Use an executable dictionary as cron task

If you need to execute scheduled tasks, you can use an executable dictionary like it was a cron task.

Rationale

Imagine that we need to restart clickhouse-server every saturday at 10:00 AM. We can use an executable dictionary to do this. Here is the approach and code necessary to do this. It can be used for other operations like INSERT into tables or execute some other imaginative tasks that need an scheduled execution.

Let’s create a simple table to register all the restarts scheduled by this dictionary:

CREATE TABLE restart_table
(
    restart_datetime DateTime
)
ENGINE = TinyLog

Configuration

This is the ClickHouse configuration file we will be using for executable dictionaries.
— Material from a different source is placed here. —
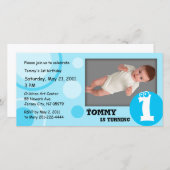 Kindergeburtstag Foto Card Blue Dots (Vorne/Hinten)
The dictionary is a dummy one (ignore the format and other stuff, we need format in the dict definition because if not it will fail loading), we don’t need it to do anything, just execute a script that has all the logic. The scheduled time is defined in the LIFETIME property of the dictionary (every 5 minutes dictionary will be refreshed and subsequently the script executed). Also for this case we need to load it on startup time setting lazy loading of dicts to false.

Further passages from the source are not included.